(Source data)
================================
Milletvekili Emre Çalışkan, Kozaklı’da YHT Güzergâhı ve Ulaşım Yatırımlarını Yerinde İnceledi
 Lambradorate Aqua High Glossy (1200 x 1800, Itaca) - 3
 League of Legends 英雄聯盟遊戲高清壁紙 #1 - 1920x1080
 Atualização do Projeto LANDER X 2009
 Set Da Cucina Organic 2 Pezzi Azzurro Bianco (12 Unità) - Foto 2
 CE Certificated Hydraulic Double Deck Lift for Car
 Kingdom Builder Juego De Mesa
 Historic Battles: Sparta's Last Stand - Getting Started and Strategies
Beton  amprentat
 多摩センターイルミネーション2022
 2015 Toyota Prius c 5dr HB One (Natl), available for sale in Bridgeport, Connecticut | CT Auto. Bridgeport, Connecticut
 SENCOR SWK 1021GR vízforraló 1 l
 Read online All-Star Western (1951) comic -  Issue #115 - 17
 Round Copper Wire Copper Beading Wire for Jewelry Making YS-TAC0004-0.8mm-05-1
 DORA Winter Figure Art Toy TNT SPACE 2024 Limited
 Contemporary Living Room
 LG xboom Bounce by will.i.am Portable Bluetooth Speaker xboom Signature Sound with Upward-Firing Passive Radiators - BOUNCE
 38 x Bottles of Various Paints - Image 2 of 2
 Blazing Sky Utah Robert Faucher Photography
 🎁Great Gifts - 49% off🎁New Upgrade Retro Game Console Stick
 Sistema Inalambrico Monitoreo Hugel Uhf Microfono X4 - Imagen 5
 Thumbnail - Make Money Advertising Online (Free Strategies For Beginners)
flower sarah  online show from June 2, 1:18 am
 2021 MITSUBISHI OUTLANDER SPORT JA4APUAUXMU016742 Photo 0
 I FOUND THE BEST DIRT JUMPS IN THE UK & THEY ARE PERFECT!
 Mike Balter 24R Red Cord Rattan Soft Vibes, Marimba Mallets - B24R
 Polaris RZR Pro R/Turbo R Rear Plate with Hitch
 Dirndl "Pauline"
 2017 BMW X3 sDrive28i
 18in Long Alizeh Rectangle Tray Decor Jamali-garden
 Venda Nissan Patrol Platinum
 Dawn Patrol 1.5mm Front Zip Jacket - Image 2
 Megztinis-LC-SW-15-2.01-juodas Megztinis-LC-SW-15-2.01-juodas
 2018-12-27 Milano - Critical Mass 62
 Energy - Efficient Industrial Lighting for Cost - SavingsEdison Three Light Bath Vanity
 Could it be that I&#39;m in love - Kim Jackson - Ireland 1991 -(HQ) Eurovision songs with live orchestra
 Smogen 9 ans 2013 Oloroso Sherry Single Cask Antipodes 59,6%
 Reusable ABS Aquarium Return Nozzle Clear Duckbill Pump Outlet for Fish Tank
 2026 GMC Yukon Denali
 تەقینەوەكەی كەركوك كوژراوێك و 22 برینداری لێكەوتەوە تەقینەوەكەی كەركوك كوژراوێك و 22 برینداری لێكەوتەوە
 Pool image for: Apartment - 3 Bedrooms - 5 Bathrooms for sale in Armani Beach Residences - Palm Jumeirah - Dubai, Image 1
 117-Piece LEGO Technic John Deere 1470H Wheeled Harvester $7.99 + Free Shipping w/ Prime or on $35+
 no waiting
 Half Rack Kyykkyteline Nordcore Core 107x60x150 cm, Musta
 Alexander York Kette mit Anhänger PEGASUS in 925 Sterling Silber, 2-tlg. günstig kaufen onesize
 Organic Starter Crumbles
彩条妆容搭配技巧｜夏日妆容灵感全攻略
================================
For each record above, print an exact copy.

* Solution to this task:
Milletvekili Emre Çalışkan, Kozaklı’da YHT Güzergâhı ve Ulaşım Yatırımlarını Yerinde İnceledi
 Lambradorate Aqua High Glossy (1200 x 1800, Itaca) - 3
 League of Legends 英雄聯盟遊戲高清壁紙 #1 - 1920x1080
 Atualização do Projeto LANDER X 2009
 Set Da Cucina Organic 2 Pezzi Azzurro Bianco (12 Unità) - Foto 2
 CE Certificated Hydraulic Double Deck Lift for Car
 Kingdom Builder Juego De Mesa
 Historic Battles: Sparta's Last Stand - Getting Started and Strategies
Beton  amprentat
 多摩センターイルミネーション2022
 2015 Toyota Prius c 5dr HB One (Natl), available for sale in Bridgeport, Connecticut | CT Auto. Bridgeport, Connecticut
 SENCOR SWK 1021GR vízforraló 1 l
 Read online All-Star Western (1951) comic -  Issue #115 - 17
 Round Copper Wire Copper Beading Wire for Jewelry Making YS-TAC0004-0.8mm-05-1
 DORA Winter Figure Art Toy TNT SPACE 2024 Limited
 Contemporary Living Room
 LG xboom Bounce by will.i.am Portable Bluetooth Speaker xboom Signature Sound with Upward-Firing Passive Radiators - BOUNCE
 38 x Bottles of Various Paints - Image 2 of 2
 Blazing Sky Utah Robert Faucher Photography
 🎁Great Gifts - 49% off🎁New Upgrade Retro Game Console Stick
 Sistema Inalambrico Monitoreo Hugel Uhf Microfono X4 - Imagen 5
 Thumbnail - Make Money Advertising Online (Free Strategies For Beginners)
flower sarah  online show from June 2, 1:18 am
 2021 MITSUBISHI OUTLANDER SPORT JA4APUAUXMU016742 Photo 0
 I FOUND THE BEST DIRT JUMPS IN THE UK & THEY ARE PERFECT!
 Mike Balter 24R Red Cord Rattan Soft Vibes, Marimba Mallets - B24R
 Polaris RZR Pro R/Turbo R Rear Plate with Hitch
 Dirndl "Pauline"
 2017 BMW X3 sDrive28i
 18in Long Alizeh Rectangle Tray Decor Jamali-garden
 Venda Nissan Patrol Platinum
 Dawn Patrol 1.5mm Front Zip Jacket - Image 2
 Megztinis-LC-SW-15-2.01-juodas Megztinis-LC-SW-15-2.01-juodas
 2018-12-27 Milano - Critical Mass 62
 Energy - Efficient Industrial Lighting for Cost - SavingsEdison Three Light Bath Vanity
 Could it be that I&#39;m in love - Kim Jackson - Ireland 1991 -(HQ) Eurovision songs with live orchestra
 Smogen 9 ans 2013 Oloroso Sherry Single Cask Antipodes 59,6%
 Reusable ABS Aquarium Return Nozzle Clear Duckbill Pump Outlet for Fish Tank
 2026 GMC Yukon Denali
 تەقینەوەكەی كەركوك كوژراوێك و 22 برینداری لێكەوتەوە تەقینەوەكەی كەركوك كوژراوێك و 22 برینداری لێكەوتەوە
 Pool image for: Apartment - 3 Bedrooms - 5 Bathrooms for sale in Armani Beach Residences - Palm Jumeirah - Dubai, Image 1
 117-Piece LEGO Technic John Deere 1470H Wheeled Harvester $7.99 + Free Shipping w/ Prime or on $35+
 no waiting
 Half Rack Kyykkyteline Nordcore Core 107x60x150 cm, Musta
 Alexander York Kette mit Anhänger PEGASUS in 925 Sterling Silber, 2-tlg. günstig kaufen onesize
 Organic Starter Crumbles
彩条妆容搭配技巧｜夏日妆容灵感全攻略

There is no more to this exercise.